United States Attorney Anne M. Tompkins
Western District of North Carolina
Defendants Used False Tax Identification Numbers to Seek more than
$3 Million in Tax Refunds
CHARLOTTE, N.C. – Two defendants charged in a scheme to defraud the government by obtaining false and fraudulent income tax refunds have pleaded guilty in federal court, announced Anne M. Tompkins, U.S. Attorney for the Western District of North Carolina.
Jeannine Hammett, Special Agent in Charge of the Internal Revenue Service-Criminal Investigation Division and Keith Fixel, Inspector in Charge of the Charlotte Division of the U.S. Postal Inspection Service join U.S. Attorney Tompkins in making today’s announcement.
Candida Figueroa, 41, of Charlotte, entered a plea of guilty today before U.S. Magistrate Judge David S. Cayer to one count of false claims conspiracy. Her co-defendant, Cathy Cisneros, 30, of Charlotte, pleaded guilty to the same charge on October 24, 2012. Both defendants have agreed to pay full restitution, the final amount of which will be determined by the Court at sentencing.
In September 2012, a superseding criminal indictment charged Figueroa and Cisneros with false claims conspiracy. According to filed court documents and today’s plea hearing, from January to July 2012, Figueroa and Cisneros agreed to defraud the U.S. Treasury Department by participating in a scheme to obtain false tax refunds, using fraudulently obtained Individual Taxpayer Identification Numbers (ITINs).
Court records show that the co-conspirators obtained ITIN numbers for various individuals using Mexican birth certificates and other documents. The defendants then used these ITIN numbers to prepare fraudulent federal tax returns seeking refunds based on false wage, income, and withholding tax information and claiming multiple dependents. According to filed court records, as part of the scheme, the defendants rented apartments at complexes featuring centralized mailboxes. The defendants then used multiple addresses at those apartment complexes on the fraudulent tax returns they submitted to IRS seeking tax refunds. Figueroa and Cisneros caused the Treasury Department to mail the false tax refund checks to these specially chosen addresses, court records indicate.
According to the superseding indictment and information presented in court, at least 804 fraudulent tax returns have been associated with the conspiracy, claiming $3.8 million in refunds. Of this amount, the IRS issued refunds totaling approximately $1.6 million. As part of the conspiracy, the defendants arranged for the Treasury checks to be cashed, and then deposited the cash into bank accounts or held it in safety deposit boxes before wiring it to Mexico. The amount recovered by law enforcement so far is $136,334.

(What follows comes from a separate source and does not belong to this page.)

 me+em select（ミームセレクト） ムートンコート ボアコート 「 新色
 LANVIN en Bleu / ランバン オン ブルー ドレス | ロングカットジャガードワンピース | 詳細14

Figueroa and Cisneros face a maximum prison term of 10 years, a $250,000 fine, or both. The defendants have been in local federal custody since August 2012. Their sentencing dates have not been set yet.
The case was investigated by the IRS-Criminal Investigations Division with substantial assistance from the U.S. Postal Service. The prosecution is being handled for the government by Assistant U.S. Attorney Jenny Grus Sugar and Special Assistant U.S. Attorney Todd Kostyshak of the U.S. Attorney’s Office in Charlotte.